=== Required work ===
Print exactly the lines below between the line holding "Old World Christmas" and the line holding "Pink & White", inclusive, and nothing more.

(Scraped caption text data)
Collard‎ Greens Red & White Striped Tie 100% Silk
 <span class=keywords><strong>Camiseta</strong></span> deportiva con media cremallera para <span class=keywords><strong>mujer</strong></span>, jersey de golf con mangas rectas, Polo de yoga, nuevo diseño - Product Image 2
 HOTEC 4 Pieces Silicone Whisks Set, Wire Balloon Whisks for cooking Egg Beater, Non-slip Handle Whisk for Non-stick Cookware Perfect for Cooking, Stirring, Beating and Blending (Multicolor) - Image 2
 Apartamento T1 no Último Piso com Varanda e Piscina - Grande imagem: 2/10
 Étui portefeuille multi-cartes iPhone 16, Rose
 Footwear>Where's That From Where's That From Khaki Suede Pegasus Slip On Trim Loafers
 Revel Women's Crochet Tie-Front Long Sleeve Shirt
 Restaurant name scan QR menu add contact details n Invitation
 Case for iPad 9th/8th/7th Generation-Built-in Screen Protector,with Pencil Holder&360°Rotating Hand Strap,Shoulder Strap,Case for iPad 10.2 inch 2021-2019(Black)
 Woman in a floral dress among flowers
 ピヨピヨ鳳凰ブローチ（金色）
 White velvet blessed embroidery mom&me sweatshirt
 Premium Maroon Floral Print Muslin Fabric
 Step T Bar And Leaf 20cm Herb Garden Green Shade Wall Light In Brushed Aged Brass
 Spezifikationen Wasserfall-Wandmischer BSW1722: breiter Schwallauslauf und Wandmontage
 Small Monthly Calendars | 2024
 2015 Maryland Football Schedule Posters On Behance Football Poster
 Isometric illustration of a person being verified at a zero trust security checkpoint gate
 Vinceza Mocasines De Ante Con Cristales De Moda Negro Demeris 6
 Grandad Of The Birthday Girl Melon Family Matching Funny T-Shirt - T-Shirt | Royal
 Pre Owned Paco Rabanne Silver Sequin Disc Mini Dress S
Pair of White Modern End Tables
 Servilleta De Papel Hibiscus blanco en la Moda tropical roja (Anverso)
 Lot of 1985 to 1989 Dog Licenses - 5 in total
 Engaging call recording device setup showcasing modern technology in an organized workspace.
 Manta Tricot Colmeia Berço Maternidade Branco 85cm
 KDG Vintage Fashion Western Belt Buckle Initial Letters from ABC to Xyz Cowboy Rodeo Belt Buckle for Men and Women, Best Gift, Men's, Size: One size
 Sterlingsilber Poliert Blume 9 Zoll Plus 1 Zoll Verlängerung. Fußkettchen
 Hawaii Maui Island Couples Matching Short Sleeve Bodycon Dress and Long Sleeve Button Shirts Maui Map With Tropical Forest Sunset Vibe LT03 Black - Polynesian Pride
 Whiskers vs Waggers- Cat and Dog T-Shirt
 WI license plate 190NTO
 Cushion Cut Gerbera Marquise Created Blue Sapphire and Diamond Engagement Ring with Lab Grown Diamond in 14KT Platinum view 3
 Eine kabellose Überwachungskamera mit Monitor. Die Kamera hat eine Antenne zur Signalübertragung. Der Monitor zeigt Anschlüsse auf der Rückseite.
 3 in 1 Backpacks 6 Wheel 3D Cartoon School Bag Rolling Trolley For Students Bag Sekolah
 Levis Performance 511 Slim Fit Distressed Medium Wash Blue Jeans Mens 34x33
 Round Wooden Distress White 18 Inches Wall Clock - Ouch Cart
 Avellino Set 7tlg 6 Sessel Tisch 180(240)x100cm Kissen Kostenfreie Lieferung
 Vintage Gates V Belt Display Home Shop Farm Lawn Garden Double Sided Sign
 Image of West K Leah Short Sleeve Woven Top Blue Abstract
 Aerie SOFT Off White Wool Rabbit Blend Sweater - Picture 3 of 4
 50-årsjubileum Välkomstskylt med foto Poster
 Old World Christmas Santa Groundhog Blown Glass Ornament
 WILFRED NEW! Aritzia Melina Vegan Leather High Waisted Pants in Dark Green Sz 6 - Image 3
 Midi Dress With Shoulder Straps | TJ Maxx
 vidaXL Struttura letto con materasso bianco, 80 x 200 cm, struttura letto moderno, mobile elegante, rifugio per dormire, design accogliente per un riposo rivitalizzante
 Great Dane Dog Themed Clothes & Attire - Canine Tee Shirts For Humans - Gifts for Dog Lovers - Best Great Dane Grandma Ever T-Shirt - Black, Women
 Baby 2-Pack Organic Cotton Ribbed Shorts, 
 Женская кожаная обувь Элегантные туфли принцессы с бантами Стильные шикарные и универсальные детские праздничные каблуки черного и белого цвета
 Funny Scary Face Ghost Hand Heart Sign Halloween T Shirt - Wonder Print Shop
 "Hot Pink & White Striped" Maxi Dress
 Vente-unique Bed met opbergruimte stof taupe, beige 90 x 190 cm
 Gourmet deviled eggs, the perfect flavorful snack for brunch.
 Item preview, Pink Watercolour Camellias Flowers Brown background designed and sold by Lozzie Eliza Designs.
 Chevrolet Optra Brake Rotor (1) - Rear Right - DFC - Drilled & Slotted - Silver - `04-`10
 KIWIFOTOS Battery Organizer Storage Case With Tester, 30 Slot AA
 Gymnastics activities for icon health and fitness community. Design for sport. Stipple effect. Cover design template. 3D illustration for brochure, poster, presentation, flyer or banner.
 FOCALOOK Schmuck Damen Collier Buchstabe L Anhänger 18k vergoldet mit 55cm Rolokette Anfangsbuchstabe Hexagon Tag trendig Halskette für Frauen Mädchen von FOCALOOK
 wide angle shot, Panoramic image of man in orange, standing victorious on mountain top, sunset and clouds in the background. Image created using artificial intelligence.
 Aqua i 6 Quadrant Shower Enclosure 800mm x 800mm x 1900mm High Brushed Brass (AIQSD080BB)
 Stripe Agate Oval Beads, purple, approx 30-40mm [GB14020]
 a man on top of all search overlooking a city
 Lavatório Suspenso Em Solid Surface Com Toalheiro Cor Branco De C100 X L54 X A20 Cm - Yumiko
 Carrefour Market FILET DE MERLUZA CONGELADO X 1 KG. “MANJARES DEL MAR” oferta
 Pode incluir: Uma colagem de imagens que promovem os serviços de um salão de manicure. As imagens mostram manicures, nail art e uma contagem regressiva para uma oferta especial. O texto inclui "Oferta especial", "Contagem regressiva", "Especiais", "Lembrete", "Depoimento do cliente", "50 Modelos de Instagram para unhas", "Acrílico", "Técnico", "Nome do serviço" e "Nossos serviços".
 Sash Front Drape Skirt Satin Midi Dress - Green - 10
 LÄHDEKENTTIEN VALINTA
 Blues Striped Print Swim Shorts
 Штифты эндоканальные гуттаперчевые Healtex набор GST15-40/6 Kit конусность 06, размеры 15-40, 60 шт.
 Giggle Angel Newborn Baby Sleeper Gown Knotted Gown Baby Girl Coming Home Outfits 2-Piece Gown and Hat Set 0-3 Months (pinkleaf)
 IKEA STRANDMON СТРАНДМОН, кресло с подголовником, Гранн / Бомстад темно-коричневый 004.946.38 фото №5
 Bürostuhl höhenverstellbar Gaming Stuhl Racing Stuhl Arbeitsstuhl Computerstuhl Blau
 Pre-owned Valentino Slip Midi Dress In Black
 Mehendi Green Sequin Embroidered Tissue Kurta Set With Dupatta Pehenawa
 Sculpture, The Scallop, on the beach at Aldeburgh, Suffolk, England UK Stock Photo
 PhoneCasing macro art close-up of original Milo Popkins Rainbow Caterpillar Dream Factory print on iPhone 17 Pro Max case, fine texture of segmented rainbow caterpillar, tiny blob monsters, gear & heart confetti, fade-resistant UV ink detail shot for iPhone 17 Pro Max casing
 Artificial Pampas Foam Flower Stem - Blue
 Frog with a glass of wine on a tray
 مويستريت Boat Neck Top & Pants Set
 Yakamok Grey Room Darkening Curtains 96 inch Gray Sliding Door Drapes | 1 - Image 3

=== Solution to the problem ===
 Old World Christmas Santa Groundhog Blown Glass Ornament
 WILFRED NEW! Aritzia Melina Vegan Leather High Waisted Pants in Dark Green Sz 6 - Image 3
 Midi Dress With Shoulder Straps | TJ Maxx
 vidaXL Struttura letto con materasso bianco, 80 x 200 cm, struttura letto moderno, mobile elegante, rifugio per dormire, design accogliente per un riposo rivitalizzante
 Great Dane Dog Themed Clothes & Attire - Canine Tee Shirts For Humans - Gifts for Dog Lovers - Best Great Dane Grandma Ever T-Shirt - Black, Women
 Baby 2-Pack Organic Cotton Ribbed Shorts, 
 Женская кожаная обувь Элегантные туфли принцессы с бантами Стильные шикарные и универсальные детские праздничные каблуки черного и белого цвета
 Funny Scary Face Ghost Hand Heart Sign Halloween T Shirt - Wonder Print Shop
 "Hot Pink & White Striped" Maxi Dress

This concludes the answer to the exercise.